Data in this exercise>
-*-

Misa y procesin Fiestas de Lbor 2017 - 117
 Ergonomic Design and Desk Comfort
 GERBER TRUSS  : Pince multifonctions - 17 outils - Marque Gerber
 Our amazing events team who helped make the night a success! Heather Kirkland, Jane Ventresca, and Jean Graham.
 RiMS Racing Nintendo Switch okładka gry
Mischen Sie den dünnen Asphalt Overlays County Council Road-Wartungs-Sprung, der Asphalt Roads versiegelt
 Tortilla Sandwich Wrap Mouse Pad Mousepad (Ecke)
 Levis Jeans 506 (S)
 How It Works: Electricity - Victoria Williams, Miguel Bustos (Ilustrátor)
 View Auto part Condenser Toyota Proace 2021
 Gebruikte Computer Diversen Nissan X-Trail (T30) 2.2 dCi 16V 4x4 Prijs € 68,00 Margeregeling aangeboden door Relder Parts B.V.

-*-

The response must consist of the lines above, from the first one through the line containing "RiMS Racing Nintendo Switch okładka gry", reproduced exactly.

Answer to this problem>
Misa y procesin Fiestas de Lbor 2017 - 117
 Ergonomic Design and Desk Comfort
 GERBER TRUSS  : Pince multifonctions - 17 outils - Marque Gerber
 Our amazing events team who helped make the night a success! Heather Kirkland, Jane Ventresca, and Jean Graham.
 RiMS Racing Nintendo Switch okładka gry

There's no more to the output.